En ambos casos la razón detrás de los cierres fue la misma; el precio de la energía al por mayor, generada a partir de fuentes renovables, era más bajo y competitivo.

De esta manera, Luminant se deshizo en una semana de 4.1 GW, aproximadamente el 12% de la capacidad de energía total de carbón en Texas.

Un mes antes, Ameren Missouri –la mayor compañía eléctrica del estado– había anunciado que invertiría 1.000 millones de dólares, para incorporar 700 MW de nueva capacidad eólica y 100 MW de nueva energía solar para 2020.

El anuncio de inversión y el cierre de la mitad de sus plantas de carbón, forman parte de una iniciativa para reducir las emisiones de carbono en un 80% para 2050.

A fines de agosto, Xcel Energy (en Colorado), que depende del carbón para cubrir el 46% de su capacidad de generación, anunció el cierre de dos unidades de la “Comanche Generation Station” –660 MW de capacidad– para el 2025. Xcel reemplazará esa capacidad de generación invirtiendo 2.500 millones de dólares en 1 GW de energía eólica y 700 MW de energía solar. Esta tendencia no es nueva para Xcel, ya que la compañía ha cerrado varias plantas de carbón en Colorado, por un total de 1.1 GW desde 2011.

En abril, la Compañía Eléctrica de Nuevo México (PNM) –la mayor eléctrica del estado– lanzó su plan de recursos integrados 2017-2023, en el que se examinan los escenarios futuros y se pretende determinar qué combinación de energía podría satisfacer su demanda prevista y al menor costo. Los resultados fueron una sorpresa. Para una empresa que en 2015 abasteció a sus 510.000 clientes con un 56% de electricidad generada a partir del carbón, la mejor opción de para producir energía fiable y de bajo costo sería terminar completamente con la utilización de carbón para 2031 y reemplazarla con energía solar, gas natural y almacenamiento de energía.

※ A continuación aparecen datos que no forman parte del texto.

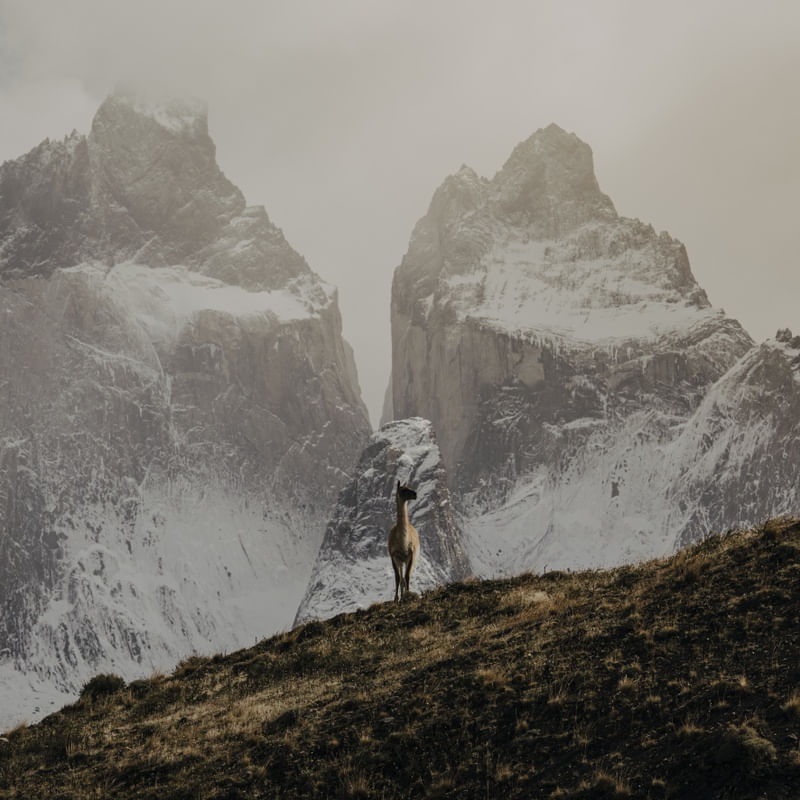 ALPACA EM TORRES DEL PAINE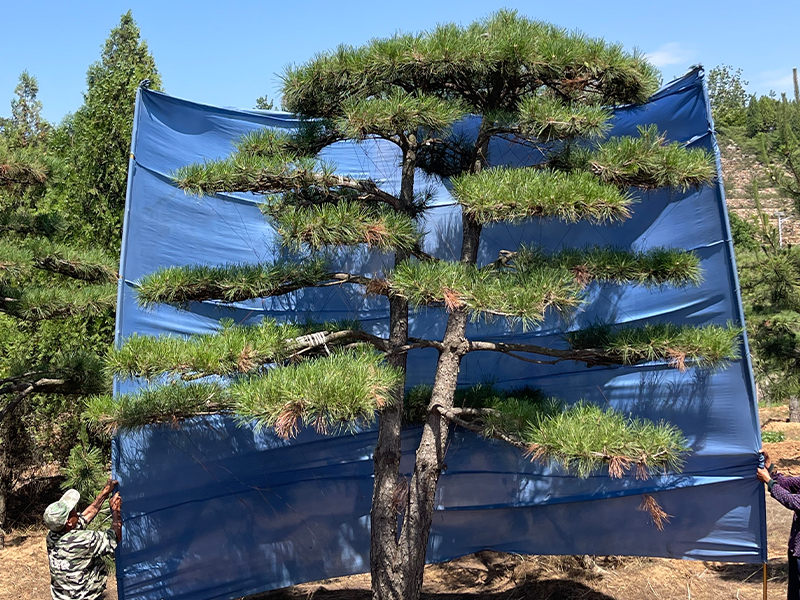 2026年初至今威海造型松销售基地深度测评与推荐(图1)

El análisis de PNM coincide con las conclusiones del Anual Energy Outlook 2016, de la Administración de Información de Energía de los Estados Unidos (EIA), en el que se sostiene que, para el año 2022, la generación de electricidad con gas natural sobrepasará a la del carbón y que hacia el 2029, será igualada por la producción eólica y solar.

Todo parece indicar que, cuando los números no cierran, el medio ambiente puede resultar beneficiado.